Wednesday, July 27

CSA Summer Harvest Week Eight

We were thankful for the unexpected rain Tuesday night. Our best efforts at irrigation fall short of a good rainstorm. And these slightly cooler days are so welcome, too.

Come the first of August, all our thinking shifts to the diminishing daylight hours. We must plan for picking through November or later (we hope). While the garlic harvest cures, we will pull shallots, onions and potatoes from the field and make the last sowings of beans and carrots. We will plant collards, kale, broccoli rabe, radicchio. The eggplants, peppers, tomatoes and beans are just beginning to fruit. Yes to August!
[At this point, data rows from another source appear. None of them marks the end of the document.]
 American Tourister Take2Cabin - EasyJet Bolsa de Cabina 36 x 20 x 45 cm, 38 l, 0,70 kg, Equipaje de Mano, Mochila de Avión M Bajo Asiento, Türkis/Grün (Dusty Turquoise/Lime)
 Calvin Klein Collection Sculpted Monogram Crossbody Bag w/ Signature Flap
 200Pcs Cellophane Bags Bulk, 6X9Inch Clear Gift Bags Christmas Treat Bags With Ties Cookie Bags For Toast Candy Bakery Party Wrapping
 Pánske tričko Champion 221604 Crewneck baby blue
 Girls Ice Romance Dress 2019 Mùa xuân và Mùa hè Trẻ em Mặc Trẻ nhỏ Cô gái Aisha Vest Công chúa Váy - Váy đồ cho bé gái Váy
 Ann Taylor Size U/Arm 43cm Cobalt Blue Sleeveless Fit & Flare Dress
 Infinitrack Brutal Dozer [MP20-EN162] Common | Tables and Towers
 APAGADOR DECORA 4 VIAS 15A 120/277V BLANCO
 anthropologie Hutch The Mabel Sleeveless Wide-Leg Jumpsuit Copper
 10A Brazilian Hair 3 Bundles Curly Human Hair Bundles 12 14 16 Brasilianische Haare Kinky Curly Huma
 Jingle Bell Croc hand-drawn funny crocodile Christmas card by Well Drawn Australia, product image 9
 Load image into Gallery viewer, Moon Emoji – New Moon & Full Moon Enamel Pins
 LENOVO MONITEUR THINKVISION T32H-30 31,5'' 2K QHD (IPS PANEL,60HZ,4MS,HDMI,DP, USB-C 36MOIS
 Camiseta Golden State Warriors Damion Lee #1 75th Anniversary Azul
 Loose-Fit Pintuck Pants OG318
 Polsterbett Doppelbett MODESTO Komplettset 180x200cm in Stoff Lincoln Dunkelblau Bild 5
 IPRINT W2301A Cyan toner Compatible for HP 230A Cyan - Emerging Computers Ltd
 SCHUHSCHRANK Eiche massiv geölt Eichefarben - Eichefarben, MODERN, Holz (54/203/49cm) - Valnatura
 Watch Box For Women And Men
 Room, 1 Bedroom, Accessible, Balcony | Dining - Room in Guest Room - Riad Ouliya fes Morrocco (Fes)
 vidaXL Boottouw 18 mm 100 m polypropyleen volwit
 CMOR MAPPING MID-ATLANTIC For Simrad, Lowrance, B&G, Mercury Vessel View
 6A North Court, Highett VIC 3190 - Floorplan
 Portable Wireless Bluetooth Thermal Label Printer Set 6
Hope you're enjoying the bounty!

In this week's share:

1) one bag simple simple salad mix: mixed baby lettuce leaves
2) six ears sweet bicolor corn: grown by JD Farms in Danbury, CT. This corn is grown using low-spray integrated pest management methods, but it is NOT certified organic. Swap out for another item if this poses a problem for your family.
3) one bunch baby carrots: option orange or purple haze (maroon)
4) one bag purslane: these wild greens are delicious and nutritious. Think of it as a weed, and you'll be missing out on one of the most nutritious greens on the planet. Purslane has more beta-carotene than spinach, as well as high levels of magnesium and potassium. Historically it has been used as a remedy for arthritis and inflammation by European cultures. Chinese herbalists found similar benefits, using it in respiratory and circulatory function. Recently, it's been found that purslane has alpha linolenic acid, a type of omega-3 fatty acid. Researchers see evidence that these substances lower blood pressure and cholesterol levels as well as make the blood less likely to form clots. Purslane leaves and stems are great raw in salads. You can steam them or add them to soups, stews, and other vegetable dishes. Here are a few recipes from Wildman Steve Brill.

PERFECT PURSLANE SALAD
2 cups purslane leaves and stems, chopped
2 cooked potatoes, chopped
4 cups mesclun salad greens
1 bunch scallions, chopped
1 medium carrot, grated
1 red bell pepper, chopped

PURSLANE POTATO SALAD
Purslane makes this familiar dish seem ambrosial.
6 medium potatoes, sliced and cooked
2 cups purslane, chopped
4 scallions, sliced
1 celery stalk, sliced
1 cup mayonnaise
Mix together all ingredients. Serve chilled.

5) one bunch chives
6) one pound plums: grown sustainably by Woodland Farm in South Glastonbury, CT. Variety is Medley, a bite-sized red-fleshed variety.
7) CHOICE: the item of your choice at the stand (approximately $5): for example, tricolor beans, cucumbers, blue potatoes, cabbage, juice, celery root, goat cheese, eggs, milk,etc. Delivery customers will receive some lovely item. :)

Finally, if you have time, look for the beautiful green heron when you pick up. He often sits by the marsh bridge near the culvert.